Hunter McDaniel writes:

From my experience, I see no justification for the idea that it's only economic to offshore the simple, repetitive tasks. The Indians I have worked with are every bit as talented and innovative as Americans, perhaps more so since as others have noted they may represent a higher slice of the population; and with 4x our population they will not run short of Merit Scholars to work IT jobs anytime soon.
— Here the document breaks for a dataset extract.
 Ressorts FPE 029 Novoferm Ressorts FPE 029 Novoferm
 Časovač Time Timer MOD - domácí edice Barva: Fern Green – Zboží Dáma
The only nugget of truth here is that the simpler tasks are easier to define and communicate across cultures between the customer and the team doing the work. This is really a problem with "granularity" in the outsourcing process. Over time, look for the Indian firms to take on bigger and more complete pieces of work, or to compete with full-fledged software packages of their own.

Tommy Vercetti writes:

CEOs of outsourcing are very partisan and biased sources on the topic. And if you asked some disgruntled worker or union leader you'd probably get very different numbers.

rvman writes:

>CEOs of outsourcing are very partisan and biased
>sources on the topic. And if you asked some
>disgruntled worker or union leader you'd
>probably get very different numbers.

Yes, true. Very partisan and biased numbers based even less on experience and reality than the CEO's numbers. There is at least a chance the CEO knows what he is talking about. We have no reason to expect individual workers to have good statistics on anything, especially "disgruntled" (read: Unemployed) ones.

gEEk writes:

I work in the electronics / embedded industry in silicon valley and have had a chance to observe what's happening locally. I think the big problem with India/China is the lack of a friendly legal system and culture as well as government corruption. Both countries simply do not respect IP and there is no enforcement mechanism available to companies. Until they do, companies will not want to outsource projects that could be knocked off there. Also note that the fact that many businesses pirate software means that there is not a very large local market for software companies to start selling into and developing products for. I remember seeing a software developer I bought some specialized software for complain that half his downloads were from India but none of them paid for the non-trial version and presumably cracked it versus his fifty paying us and european customers.